= What is required =
Print all the data below exactly, without images.

= Exercise data =

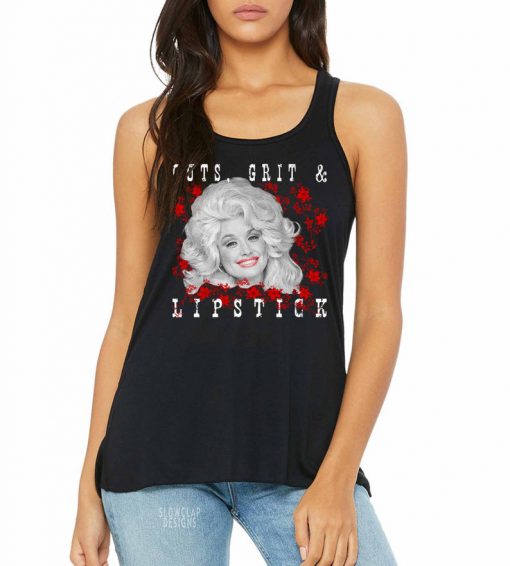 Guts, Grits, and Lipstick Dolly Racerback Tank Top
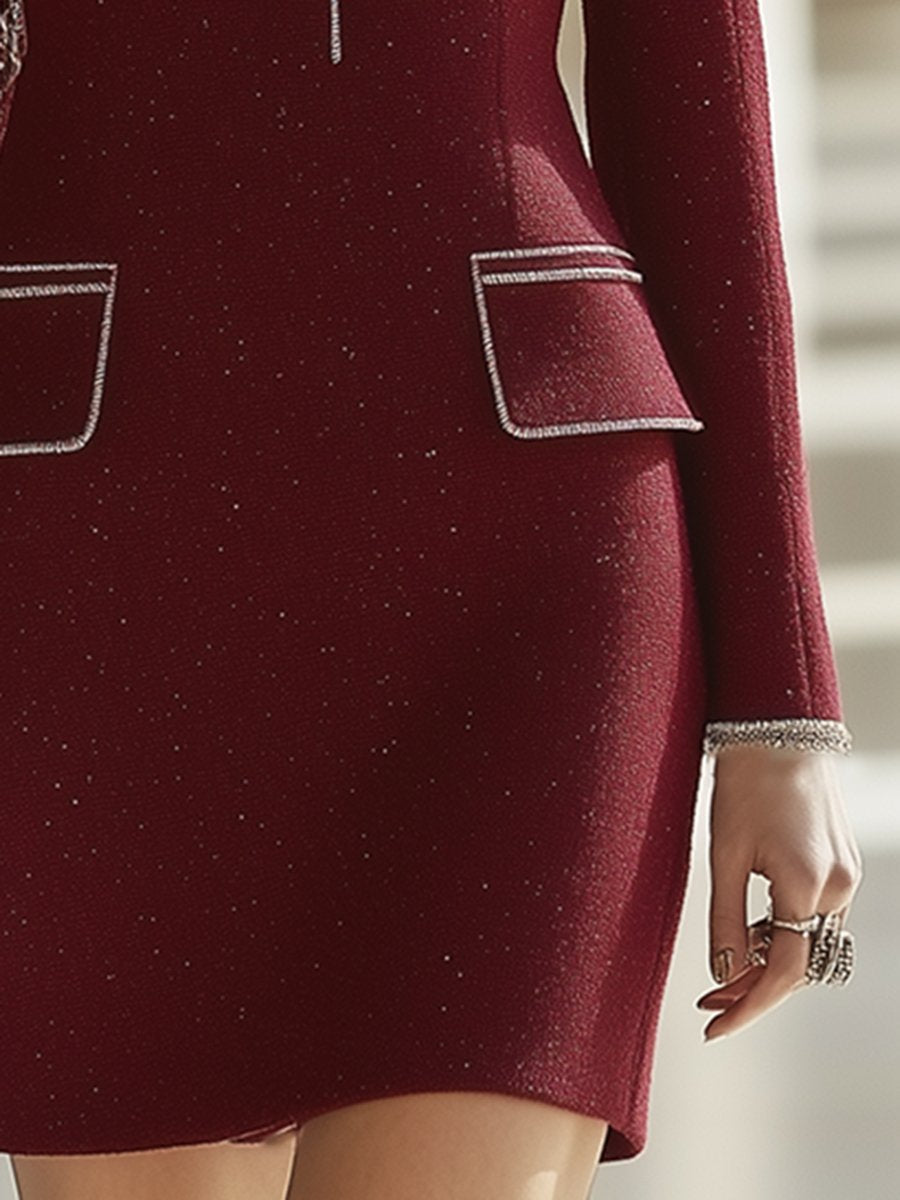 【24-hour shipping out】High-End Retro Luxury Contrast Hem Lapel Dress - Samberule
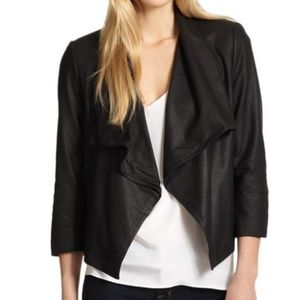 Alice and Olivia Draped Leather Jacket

= Solution =
 Guts, Grits, and Lipstick Dolly Racerback Tank Top
 【24-hour shipping out】High-End Retro Luxury Contrast Hem Lapel Dress - Samberule
 Alice and Olivia Draped Leather Jacket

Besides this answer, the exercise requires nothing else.